### PROBLEM TO SOLVE
In the records below, find the line containing "SkyRC e430 3A" and the line containing "Come see this". Give again exactly those lines and every line between them, omitting the pictures.

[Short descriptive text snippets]
BEGIN

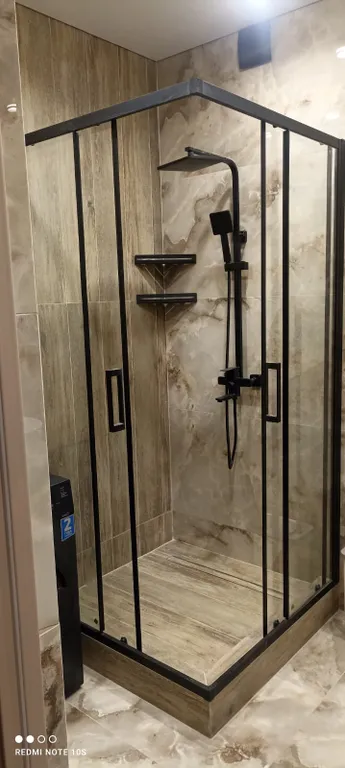 Апартамент в элитном жилом комплексе с видом на горы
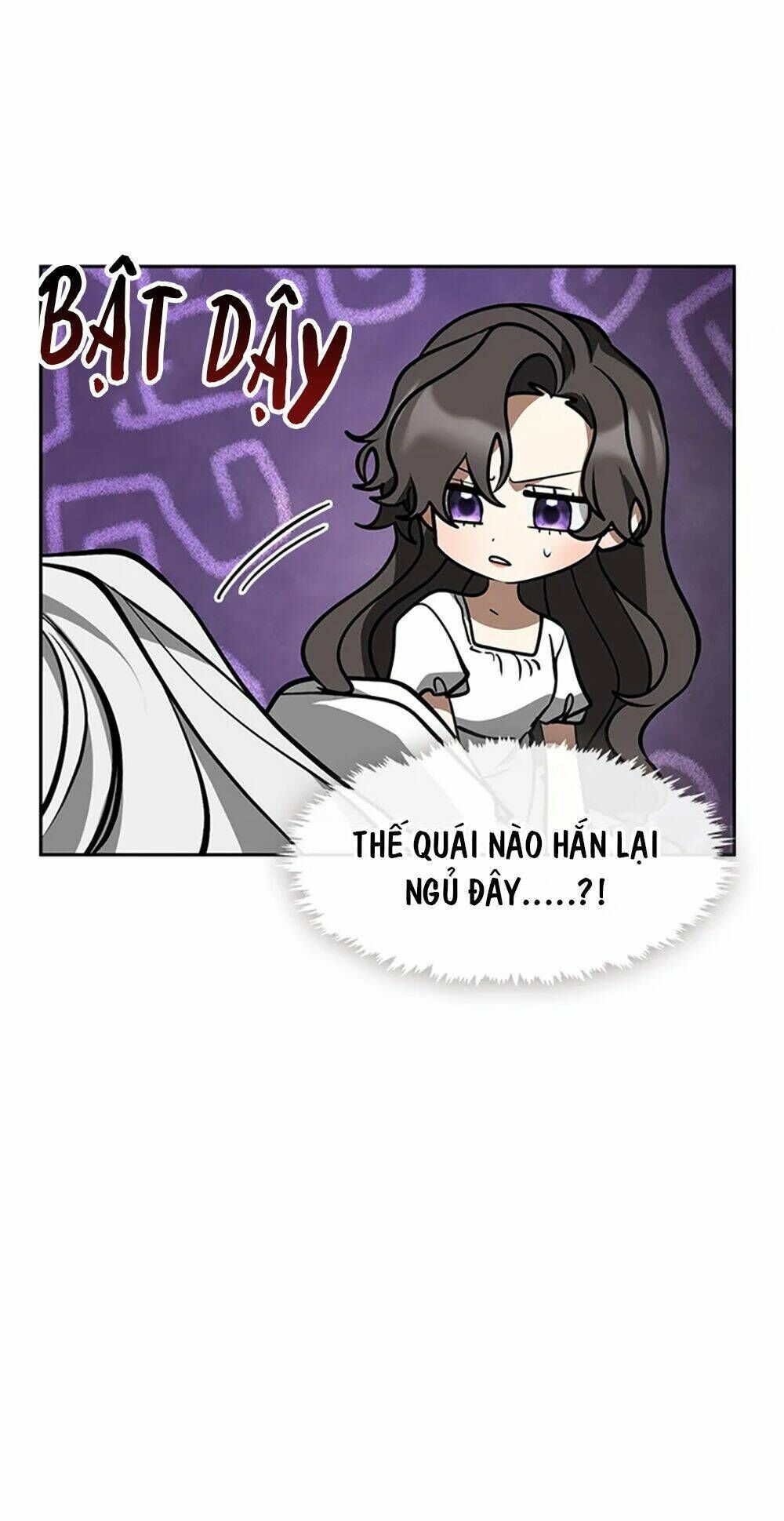 không thể thoát khỏi người chapter 60 - Next chapter 61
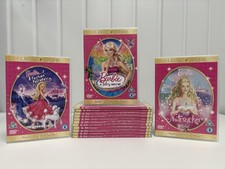 BARBIE Classic Movie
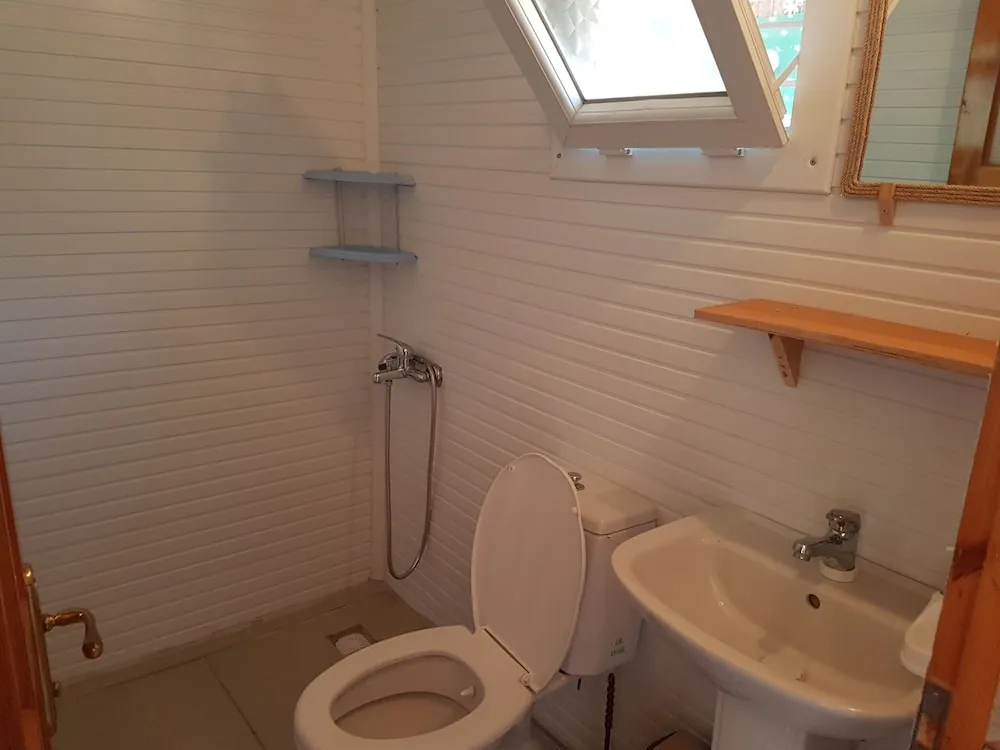 Standard Bungalov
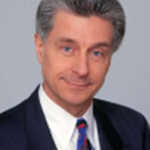 Dr. Nicholas Petrelli, MD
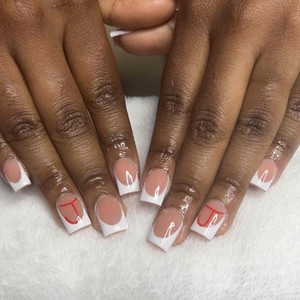 Acrylic Nails Near You in Ellenton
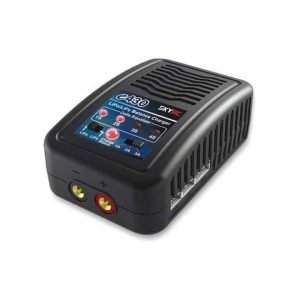 SkyRC e430 3A 30W LiPo / LiFe / LiHV 2-4S Charger
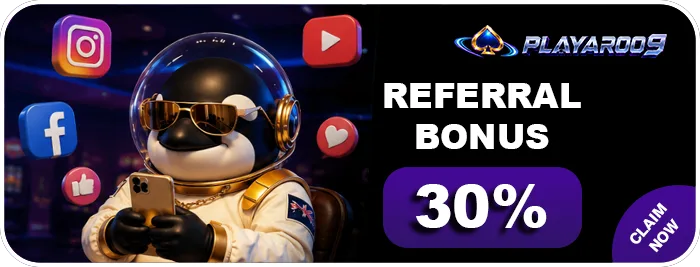 Referral Bonus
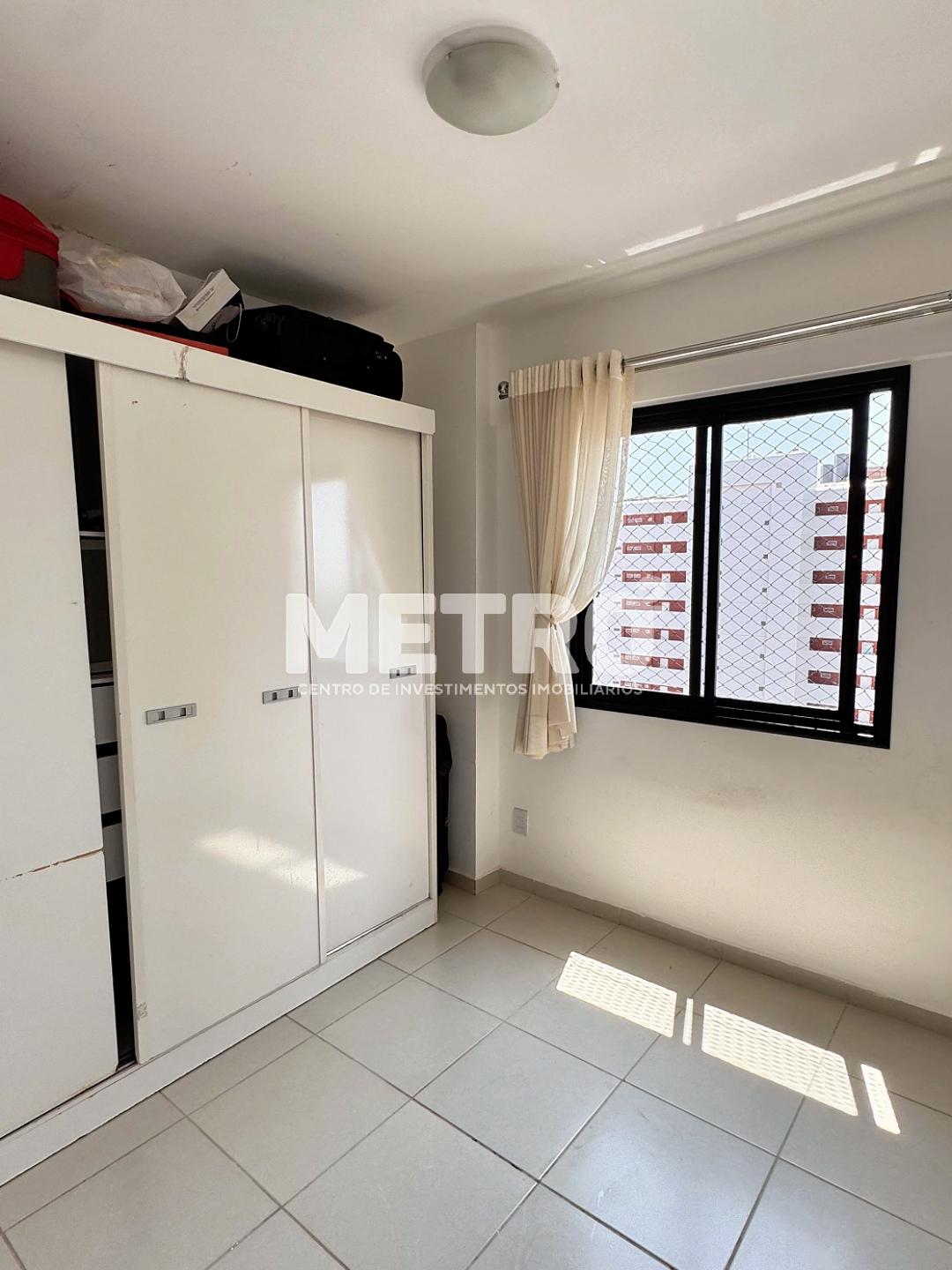 Apartamento à venda com 2 quartos, 100m² - Foto 7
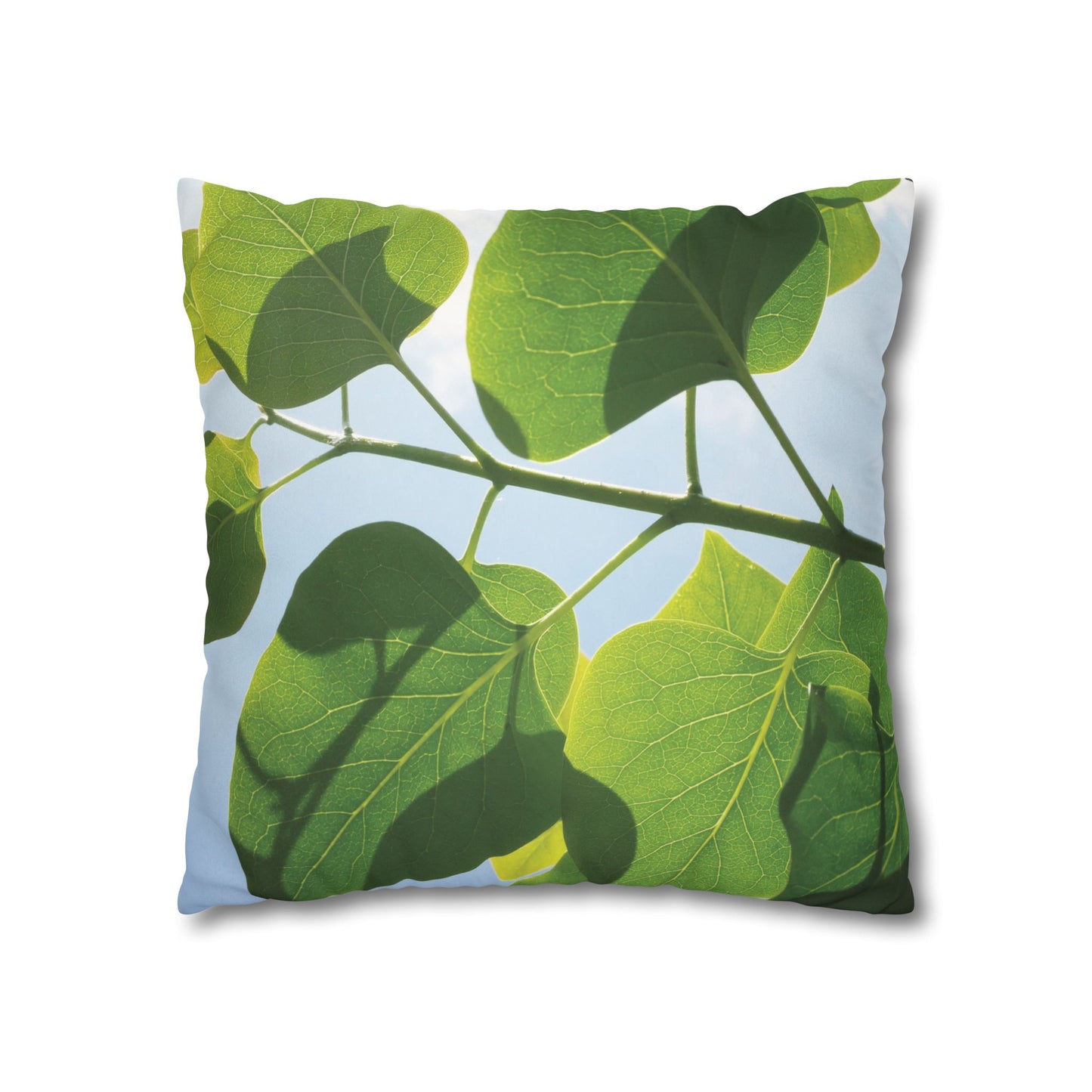 Floral Pillow Covers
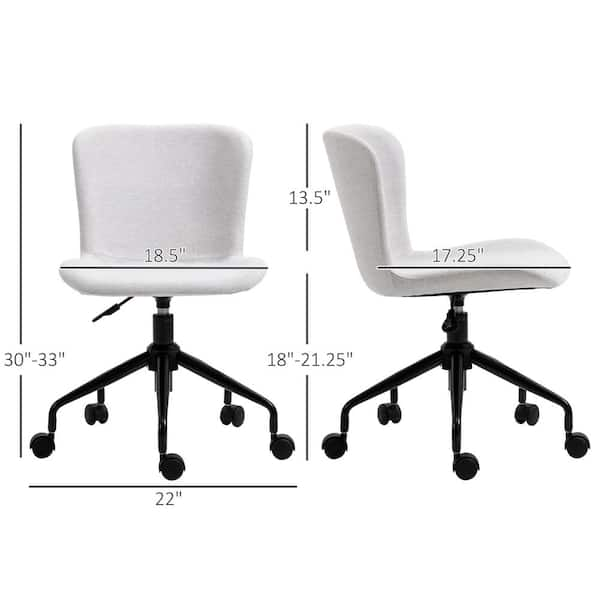 https://images.thdstatic.com/productImages/0903817c-7015-43f1-b760-6cec1a5ea3c4/svn/light-gray-vinsetto-task-chairs-921-486lg-4f_600.jpg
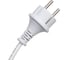 Импульсный источник питания TEAMPROF 220/24 В, 50 Вт, белый TPF-SPS220AC/DC24-50W 5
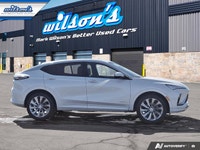 Come see this certified 2024 Buick Envista Avenir | Leather | Sunroof | Heated Wheel + Seats | Power... (image 5)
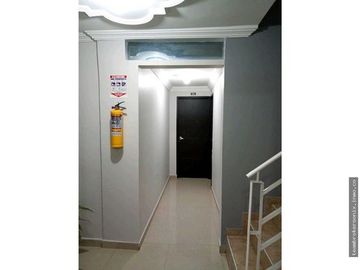 VENDO EDIFICIO DE APARTAESTUDIOS. INGENIO 3 PISO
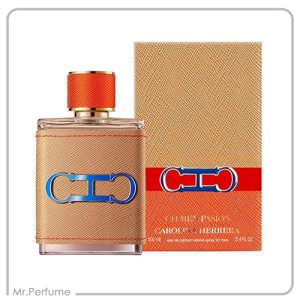 سی اچ پشن فور هیم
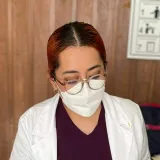 Fernanda - profesor de aprender a comer bien - Ciudad de México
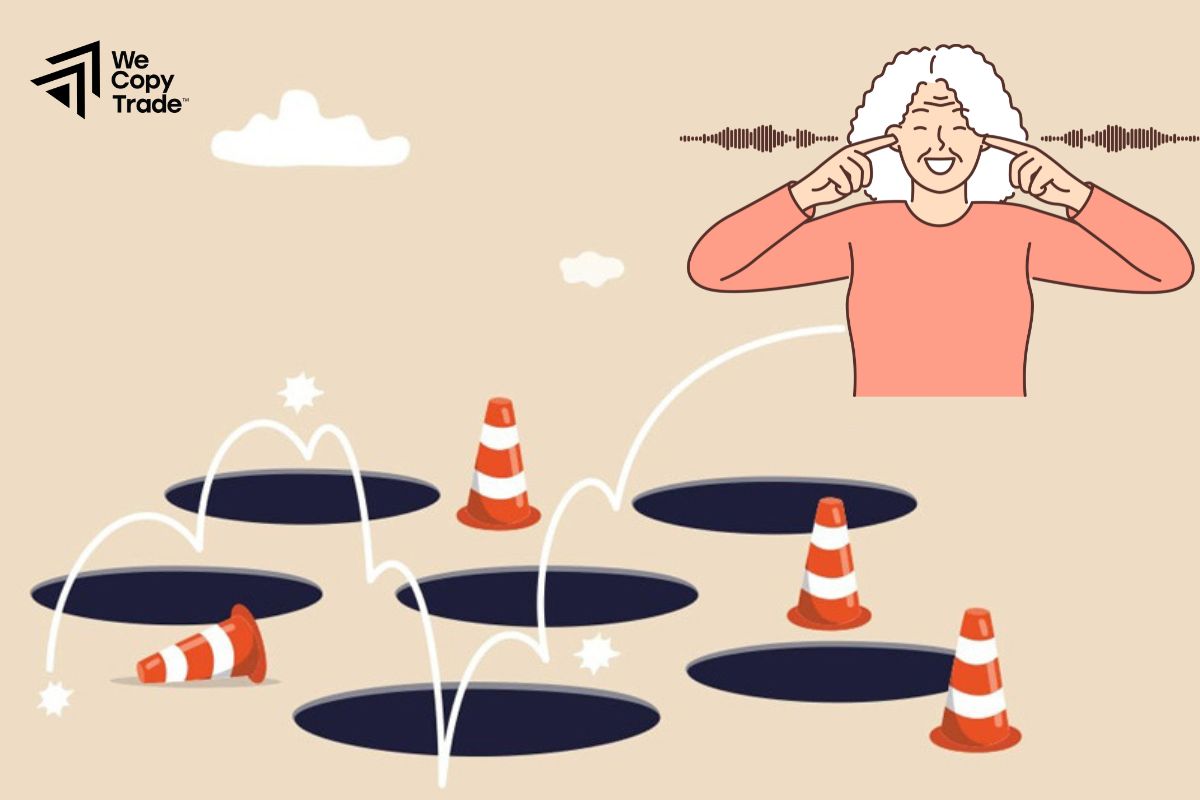 Ignore other types of risk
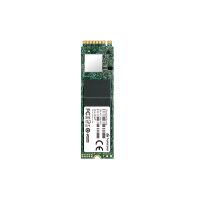 Transcend 110S, 256 GB, M.2, 1600 MB/s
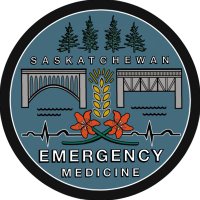 Saskatchewan Emergency Medicine (@usaskem) 's Twitter Profile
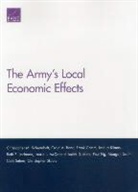 Craig A. Bond, Frank Camm, Joshua Klimas, Beth E. Lachman, Laurie L. McDonald, Judith D. Mele... - The Army's Local Economic Effects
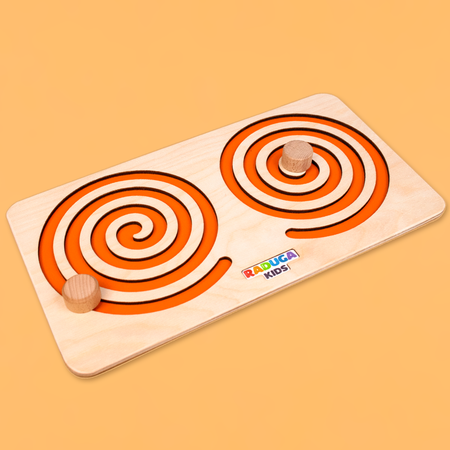 Настольная игра Raduga Kids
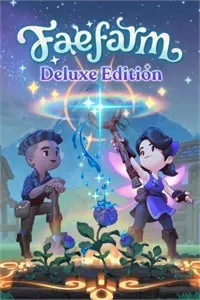 Купить активацию Fae Farm - Deluxe Edition для Xbox выгодно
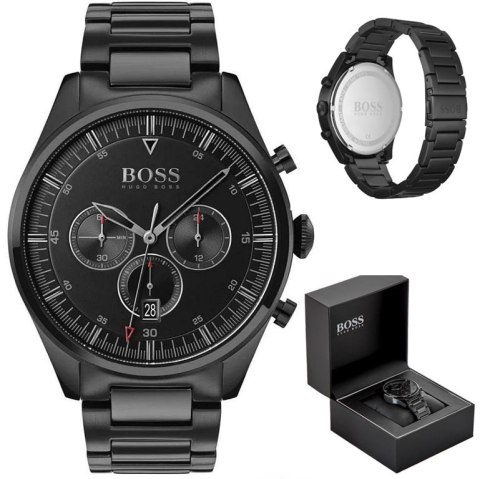 Hugo Boss ZEGAREK MĘSKI HUGO BOSS 1513714 - PIONEER (zh016c)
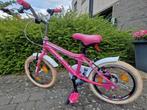 BNB Daisy kinderfiets 16", Ophalen, Zo goed als nieuw, 16 tot 20 inch, BNB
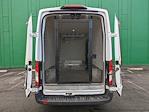 Used 2018 Ford Transit 250 Secure Cannabis Transport Refrig High Roof RWD Refrigerated Body for sale #A10802 - photo 2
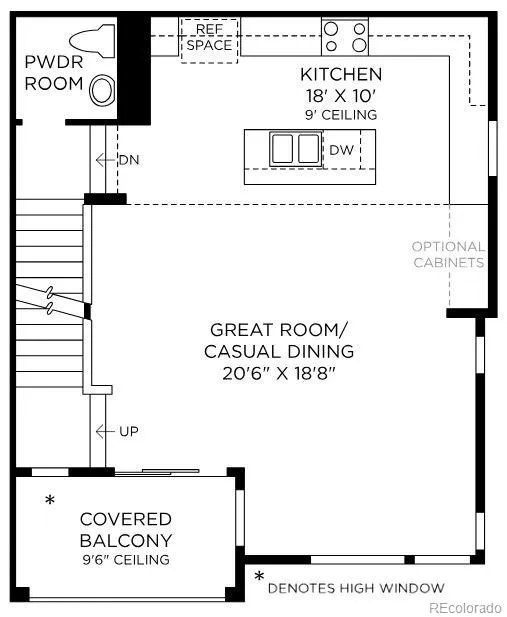 3435 W Elmhurst Place Littleton, CO 80120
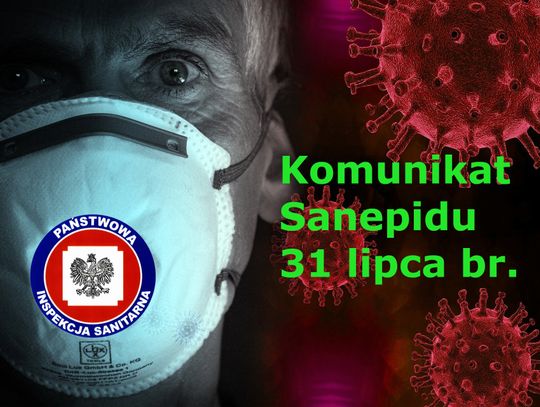 LEGIONOWSKI. 3 nowe zakażenia koronawirusem w Legionowie w ciągu doby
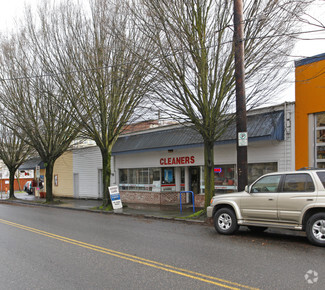 More details for 1720 NW Marshall St, Portland, OR - Flex for Lease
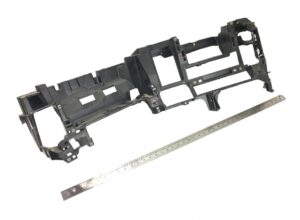 Mercedes a9606802654/a9606800754/a9606801555 bordás áthidaló egység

END

### SOLUTION TO THIS TASK
 SkyRC e430 3A 30W LiPo / LiFe / LiHV 2-4S Charger
 Referral Bonus
 Apartamento à venda com 2 quartos, 100m² - Foto 7
 Floral Pillow Covers
 https://images.thdstatic.com/productImages/0903817c-7015-43f1-b760-6cec1a5ea3c4/svn/light-gray-vinsetto-task-chairs-921-486lg-4f_600.jpg
 Импульсный источник питания TEAMPROF 220/24 В, 50 Вт, белый TPF-SPS220AC/DC24-50W 5
 Come see this certified 2024 Buick Envista Avenir | Leather | Sunroof | Heated Wheel + Seats | Power... (image 5)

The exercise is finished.